▶ [Image-text web data]
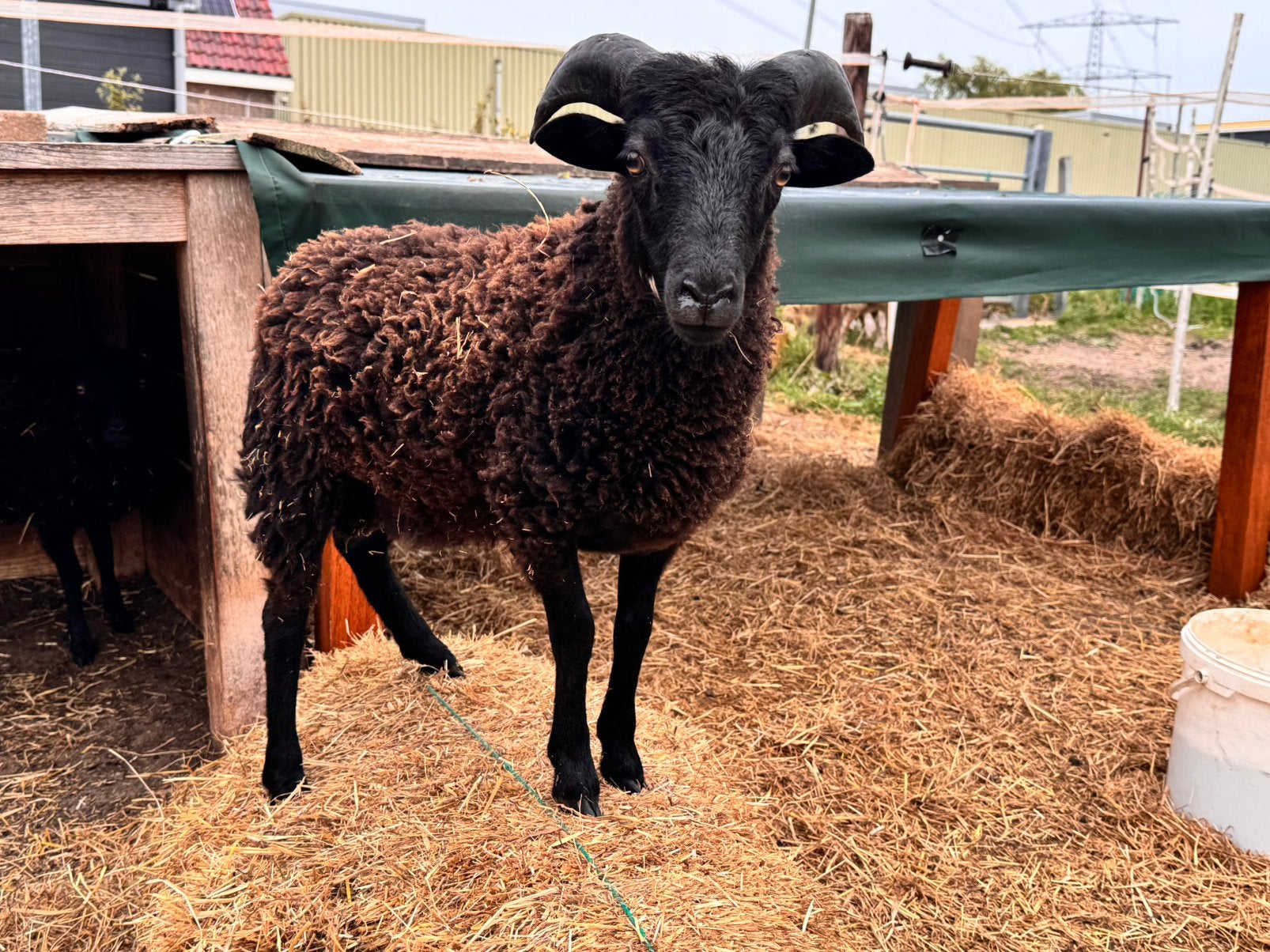Prachtige ouessant ram van 20 april 2026 - heel tam, Mannelijk, Schaap, 0 tot 2 jaar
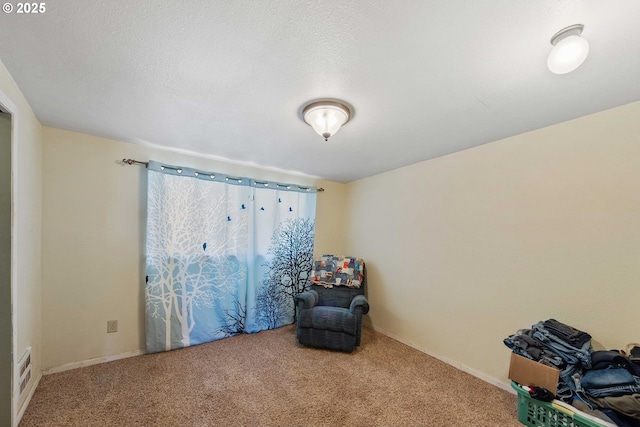 unfurnished room with carpet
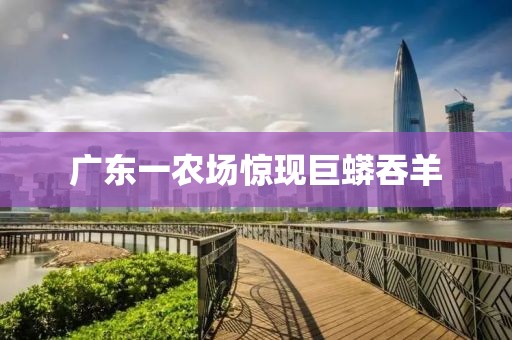 广东一农场惊现巨蟒吞羊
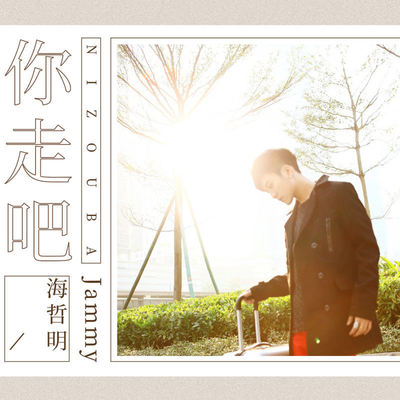 你走吧 (伴奏)封面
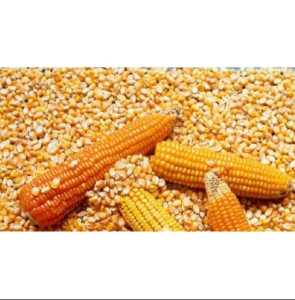 PROMO MURAH 1KG  BENIH JAGUNG SUMO 7328 BERKUALITAS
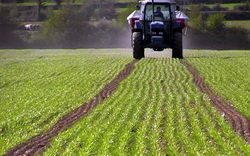 Fertilizarea graului cu ingrasaminte simple si complexe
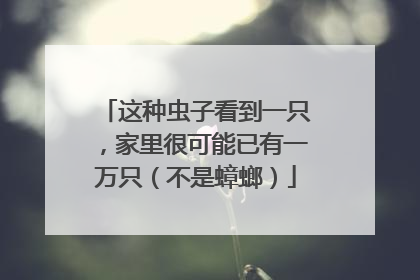 这种虫子看到一只，家里很可能已有一万只（不是蟑螂）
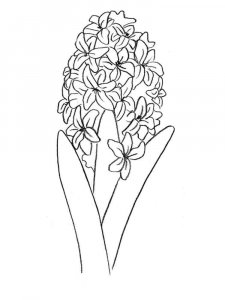 Hyacinth coloring page 4 - Free printable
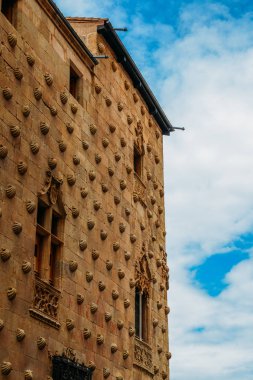 16. yüzyıl Gotik Saray cephe sembolik seashell motifleri, şimdi bir sergi alanı Kütüphane, Salamanca, İspanya kaplı.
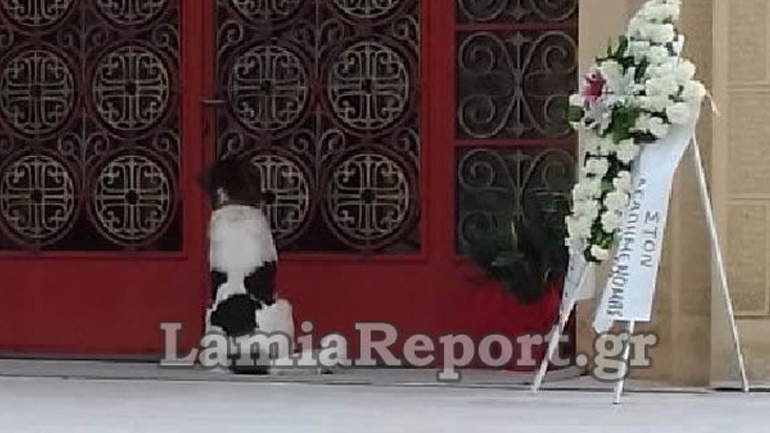 Φθιώτιδα: Σκύλος αποχαιρετά με τον δικό του τρόπο το αφεντικό του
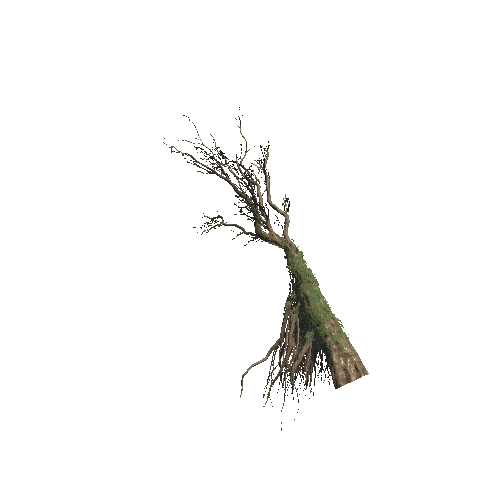 Tree_05_2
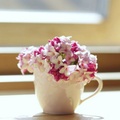 Cup of flowers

▶ [PROBLEM TO WORK ON] Leave out the pictures and copy every record above exactly.

▶ [REPLY TO THE EXERCISE]
Prachtige ouessant ram van 20 april 2026 - heel tam, Mannelijk, Schaap, 0 tot 2 jaar
 unfurnished room with carpet
 广东一农场惊现巨蟒吞羊
 你走吧 (伴奏)封面
 PROMO MURAH 1KG  BENIH JAGUNG SUMO 7328 BERKUALITAS
 Fertilizarea graului cu ingrasaminte simple si complexe
 这种虫子看到一只，家里很可能已有一万只（不是蟑螂）
 Hyacinth coloring page 4 - Free printable
 16. yüzyıl Gotik Saray cephe sembolik seashell motifleri, şimdi bir sergi alanı Kütüphane, Salamanca, İspanya kaplı.
 Φθιώτιδα: Σκύλος αποχαιρετά με τον δικό του τρόπο το αφεντικό του
 Tree_05_2
 Cup of flowers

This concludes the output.